# HD Movies or Upconvert/HD-Lite?



## ClevelandRob (Jun 22, 2006)

I will be getting Dish HD installed next week and I am just curious if anyone can shed light onto what format, HD content really is.

In general, are movies actually HD transfers or are they just upconvert for us by stations like Voom Channels, Universal, TNT, etc.? For example, would watching _Happy Gilmore_ on Universal HD be better than watching the DVD on my upconvert Oppo DVD player?

I have never watched a movie in true-HD, but when I see commercials for movies such as the new Pirates of the Carribean, on my OTA, it looks awesome compared to watching DVDs. Is this what you get when you watch movies on Dish HD stations?


----------



## Ron Barry (Dec 10, 2002)

Rob, 

From my exprience, it is a mixed bag. You need to consider the age of the movie and ofcourse I don't think all conversions are created equal. From my understanding that a lot of the VOOM channel content is HD transferred material. The James Bond movies are just that and they great considering the age of the film. Same goes with the thunderbird TV shows. These are from my understanding HD transfers. 
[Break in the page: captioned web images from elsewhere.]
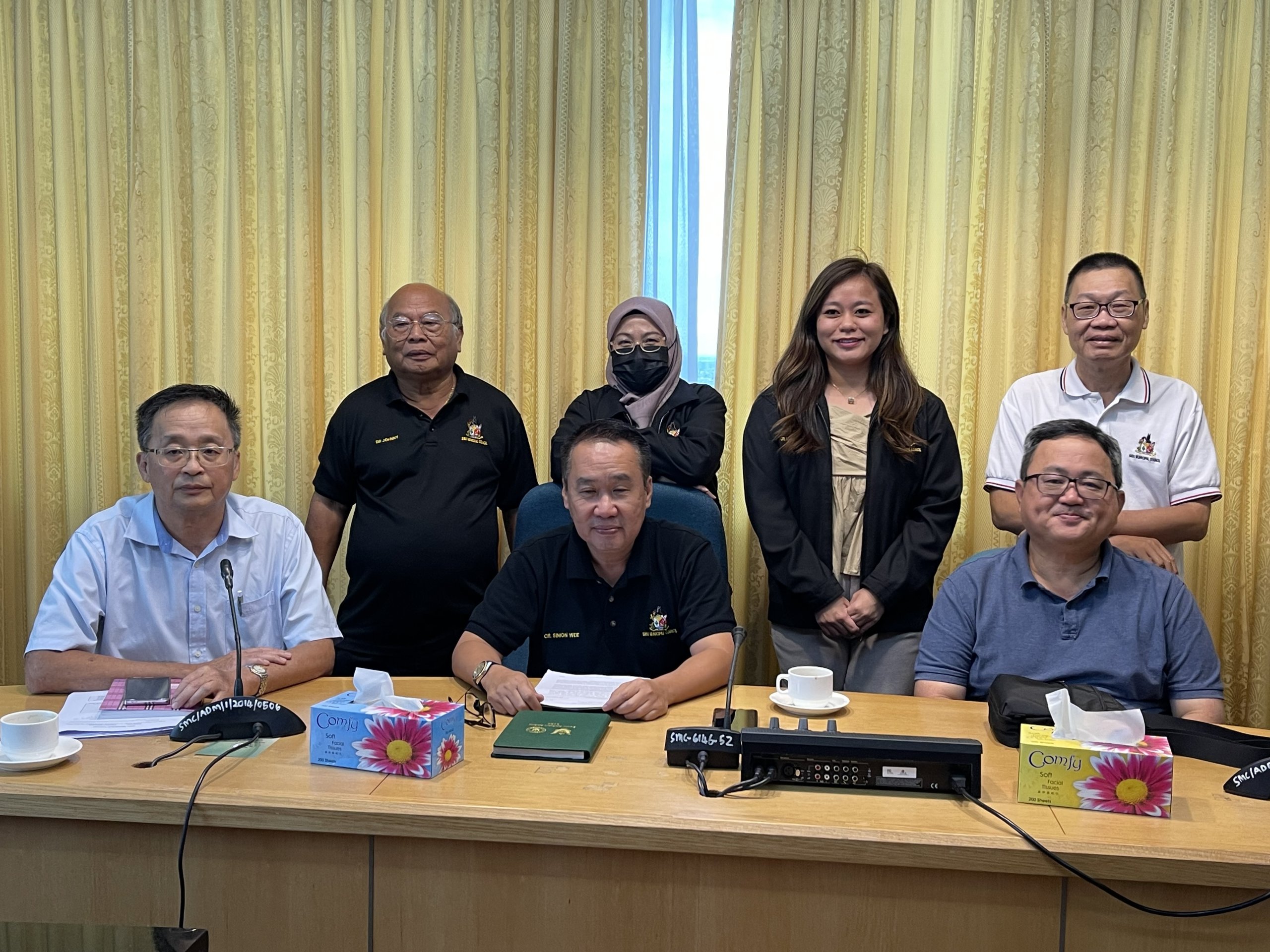 Wee (seated, centre) and others in a group photo, taken after the press conference.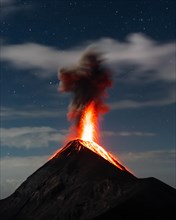 Glowing lava and smoke spitting volcano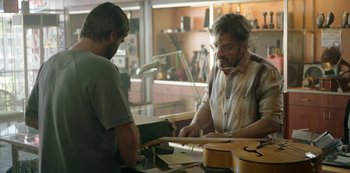 Movie still from “Sword of Trust” (2019), directed by Lynn Shelton – Two men working in a guitar shop , one of which has a guitar in his hand; Medium shot, Over the shoulder angle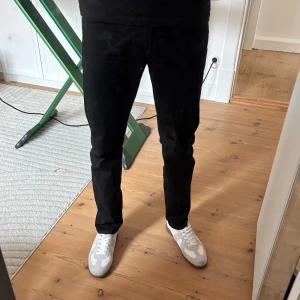 Svarta jeans från Lee, straight fit - Säljer ett par svarta jeans från Lee med klassisk femficksdesign och diskret Lee-logga på bakfickan. Jeansen har rak passform och normal midja, tillverkade i mjukt jeanstyg som sitter snyggt på benen. Perfekta till sneakers och t-shirt.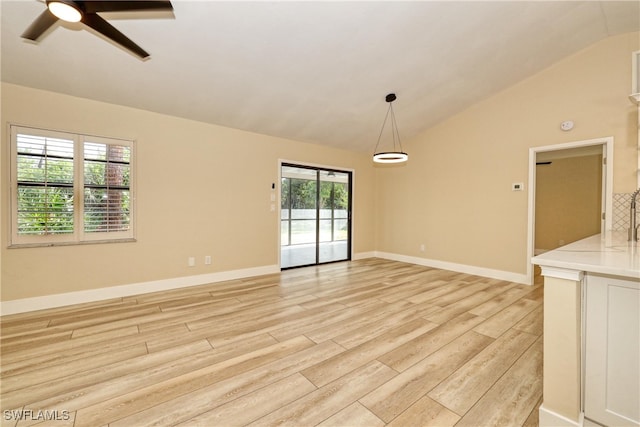 interior space featuring ceiling fan, light hardwood / wood-style floors, and vaulted ceiling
HD has always been a mixed bag. Some great looking stuff and some not so great looking stuff and from my experience this holds true the most with movies. Lots of times ABC will do a HD movie on Saturday. Lots of them are cartoons and they look amazing and sound amazing. 

So to answer your question, Not sure about uniHD since I have not watched it a lot but overall it is a mixed bag and personally I don't find it channel related but more on an individual program.


----------



## kckucera (Aug 1, 2005)

"better than watching the DVD on my upconvert Oppo DVD player?"

Agree it is a mixed bag, I myself have an Oppo and the quality with "superbit" DVDs approaches what you will see visually with native 720p display with superior audio at 128bit raw settings and a good decoder. I have done A/B tests from superbit dvds like Fifth Element, TerminatorIII, and Riddick and can say that HD does have the edge over superbit and a major edge over standard DVDs. It is even superior when recorded and played back via my 921 than superbit although now the differences are very subtle. 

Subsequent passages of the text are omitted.